Take this unique opportunity to hear award-winning Minnesota writer Linda Mack share highlights of her recently completed oral history of the rebirth of the Minneapolis riverfront.
A lively center of commerce and river life in the last half of the 19th Century, by the 1970’s the Minneapolis riverfront became a collection of decrepit buildings and a tangle of railroad tracks. Some thought the riverfront had run its full lifecycle. But a re-birth was just around the corner. In the four decades since, the Minneapolis riverfront has blossomed into a city neighborhood boasting history, cultural offerings and new lofts in century-old buildings. How did this transformation occur?
Ms. Mack has tracked this re-development as architecture columnist for the Minneapolis StarTribune and, more recently, as head of an oral history project that included 27 interviews with riverfront movers and shakers. The interviews discuss the social, industrial, architectural and political history of the Minneapolis riverfront, the many and often conflicting plans for its redevelopment, and the actions taken to create the successful urban district that exists. At this SLUC event, her narrative will offer new insights--and some great stories--about this incredible riverfront revival.
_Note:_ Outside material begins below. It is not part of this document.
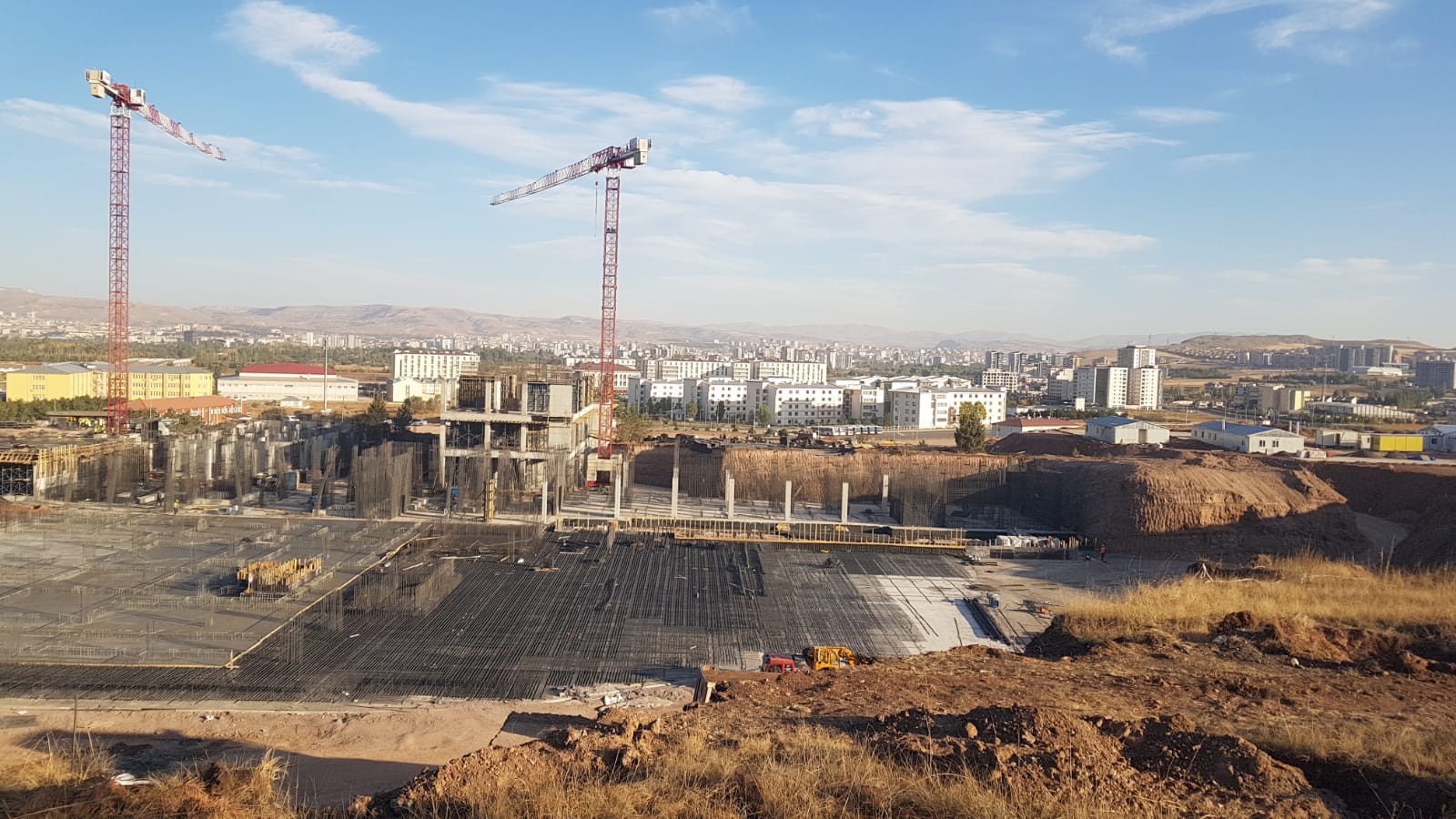 Sivas Cumhuriyet Üniversitesi Tıp Fakültesi Uygulama ve Araştırma Hastanesi Bina İnşaatı Yalıtım İşleri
End the year with an uplifting program about the incredible changes that has polished this jewel in our midst.
Guest Speaker:
Linda Mack covered architecture and urban design as a reporter and critic for the Minneapolis Star Tribune from 1986 to 2007, an era of unprecedented urban growth and cultural development. With special emphasis on historic preservation, her columns and articles helped readers understand such major developments as the rebirth of the Minneapolis riverfront, the redevelopment of Block E, and the design and construction of the new Walker Art Center, downtown Minneapolis library and Guthrie Theater.
Her writing has earned awards from the American Institute of Architects-Minnesota, the Minneapolis Committee on Urban Environment, the Minnesota Society of Professional Journalists and the New York-based Urban Design Institute. In November 2008 her architecture column in MARQ magazine won the Gold Award for best column from the Minnesota Magazine and Publication Association.